A frozen post-conflict situation December 12, 2016Posted by WorldbyStorm in Uncategorized.
The editorial in the SBP this weekend on the issue of Adams and Brian Stack was perhaps unusual given the broader tone of Irish media in this dispute. As it notes, the issue, and the personal confrontation at a news conference between Adams and Austin Stack was ‘another reminder that after more than 20 years since the IRA ceasefire, the hurt caused by the Northern conflict is very real’. How could it be otherwise. 20 years is both a remarkably long period of time and yet for those with personal histories like the Stacks and many more a blink of an eye. Indeed even the 43 years since the murder of Brian Stack is no time at all for that family.
And the SBP notes that ‘Adams has told the family… that he cannot go further in meeting their demands to discover who actually killed their father because he has no extra information. There is no prospect of him disclosing the identify of the senior IRA figures who he helped the Stacks to meet in 2013 at an undisclosed location in the North.’
And it adds:
It is a truly Faustian bargain for families of those murdered during the conflict.

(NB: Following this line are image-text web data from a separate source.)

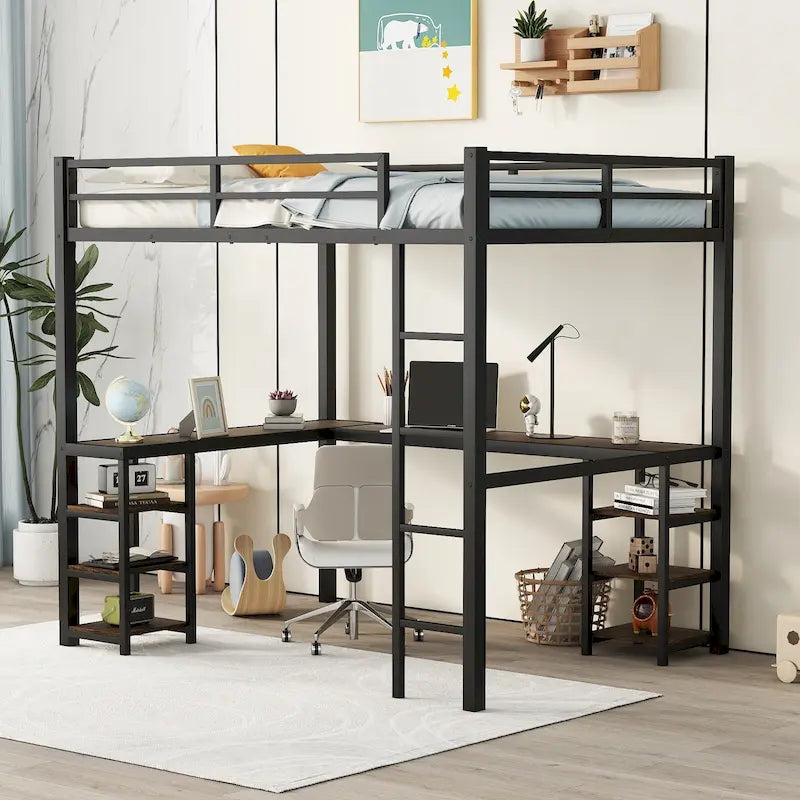 Cama alta de metal negra con escritorio en forma de L, estanterías y barandillas completas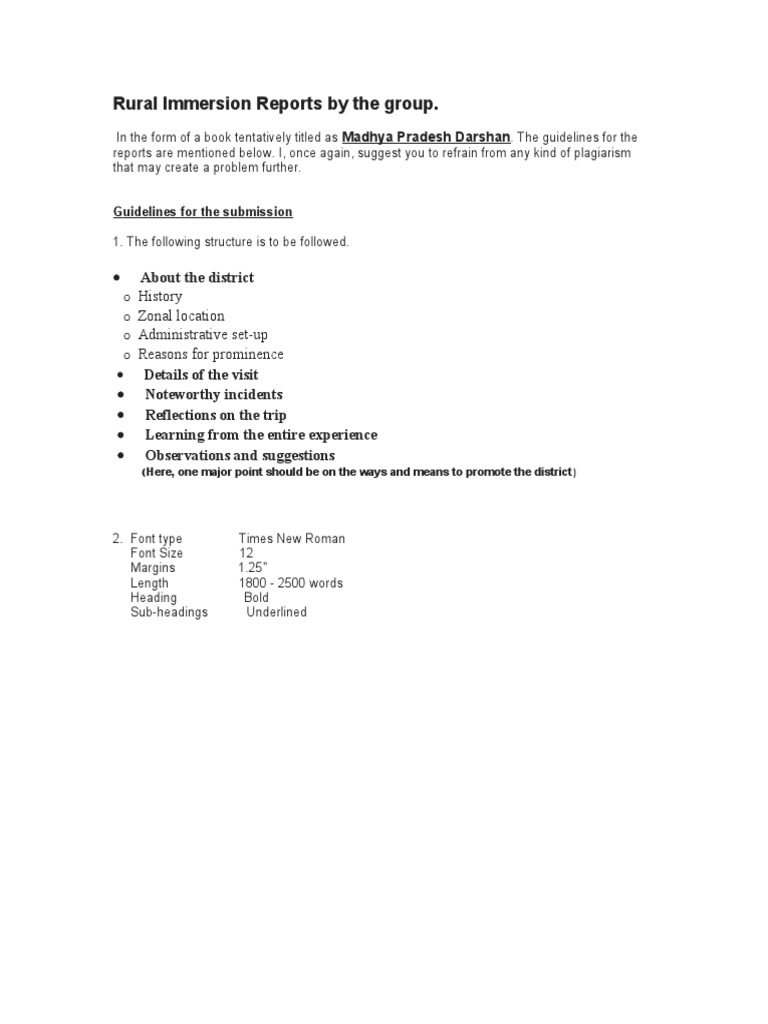 Guidelines for Rural Immersion Reports | PDF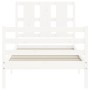 Weißer Massivholzbettrahmen mit Kopfteil 90x200 cm von vidaXL, Betten und Lattenroste - Ref: Foro24-3194102, Preis: 105,62 €,...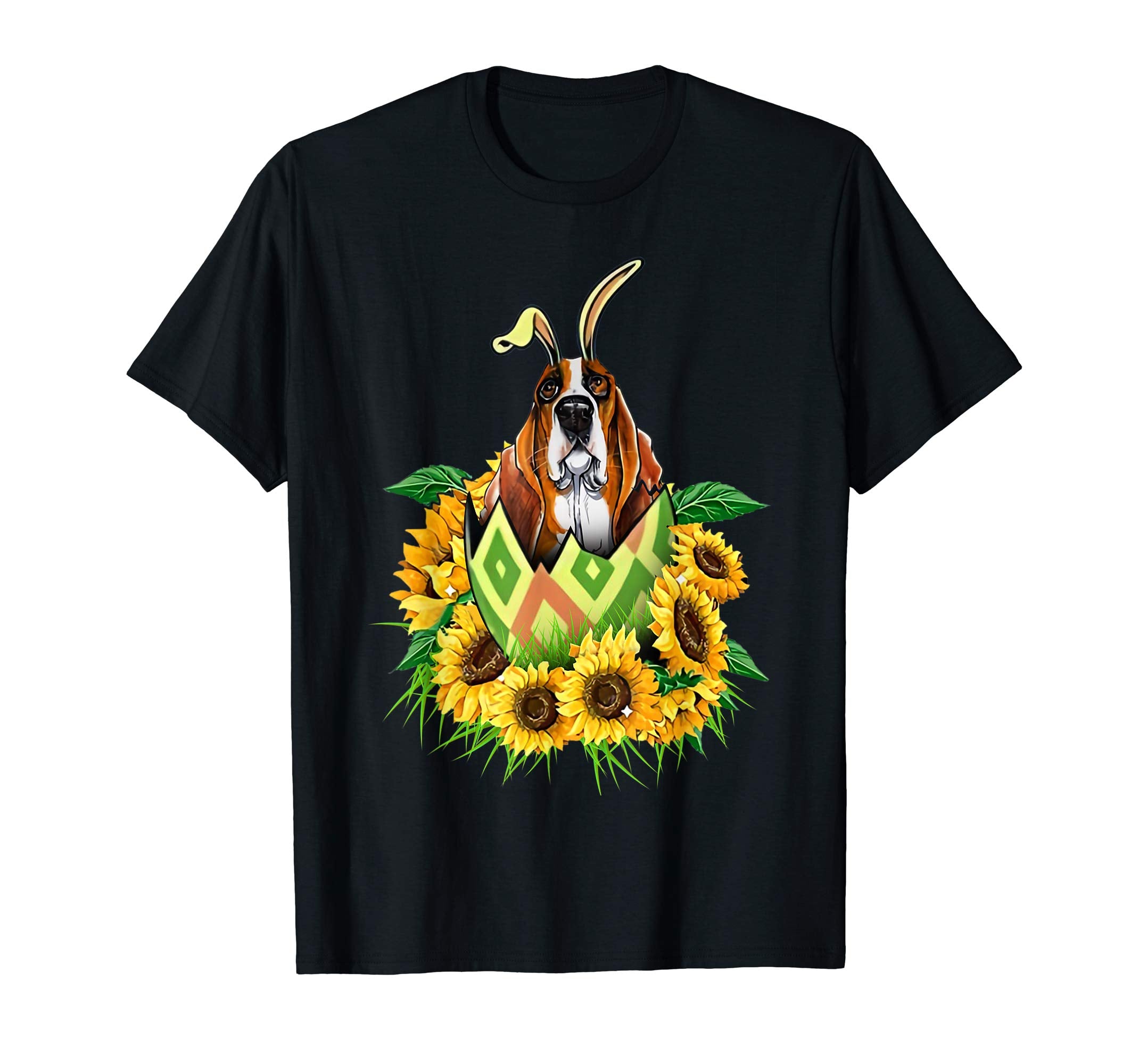 basset dog sunflower naund easter shirt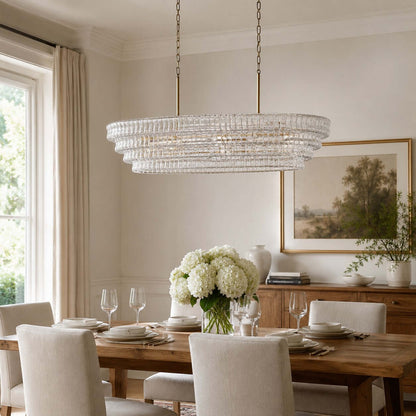 Tiered Textured Glass Chandelier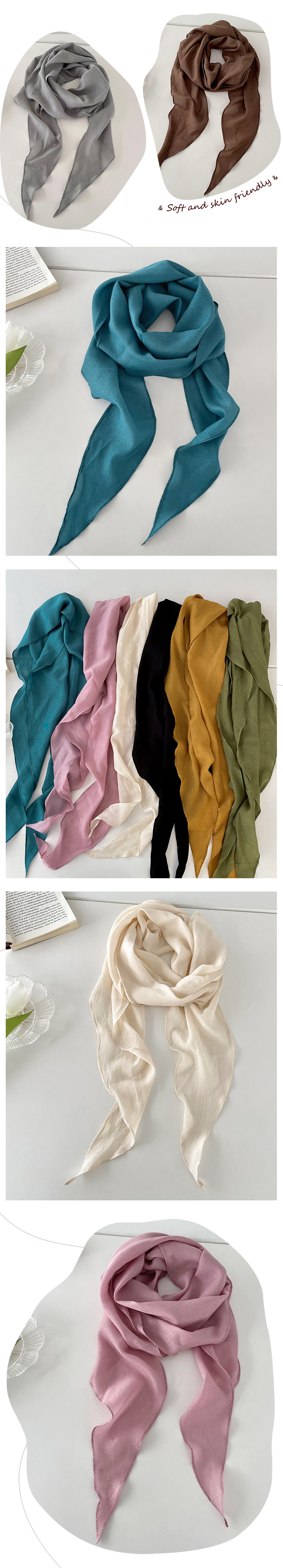 Women's Elegant Retro Solid Color Polyester Silk Scarf display picture 1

They have to effectively accept that minimal information about their loved ones last moments is the best they can hope for from shadowy IRA figures or loyalist paramilitaries.
But this is the unfortunate reality of conflicts throughout the world. The victims rarely get the justice they deserve. There are cold case investigations by the PSNI ongoing, but the prospects of success are always remote.
And it goes on to note that the parties have been unable to agree on a peace and reconciliation process – in large pat because it would require an amnesty for those involved in the 1,800 unsolved murders. This it describes as ‘unpalatable’ for many.
And so this is where matters stand. Inching hardly at all forward, perhaps in some ways back – no one will admit to anything in the current context. And that central reality, that were a process to be set in place only information would be made available. There would be no charges and no prison sentences. I don’t know if people see it in quite these terms, but one has to presume that the ending of the conflict and the broad agreement on this is what is regarded as the quid pro quo. So what are we left with? Parts of the media and the political structure dancing around the edge of this, knowing full well that little or none of this will be resolved short of the processes described. Indeed what of the latest news, as reported in the IT, and also mentioned in the Sunday Times yesterday, that at least one, perhaps a number of other TDs, were aware of details of the Adams email on the Stack case? What perceptions does that generate?
And then there’s time. Those involved are getting older, some have already gone. Already one generation involved in the Troubles, a young generation at that at the time, are preparing to move out of front-line politics. But that addresses none of the substantive aspects of this. And in any event would prove merely a pyrrhic victory one has to suspect for those parts of the media and political structure referenced above. And yet that appears to be the way this all ends.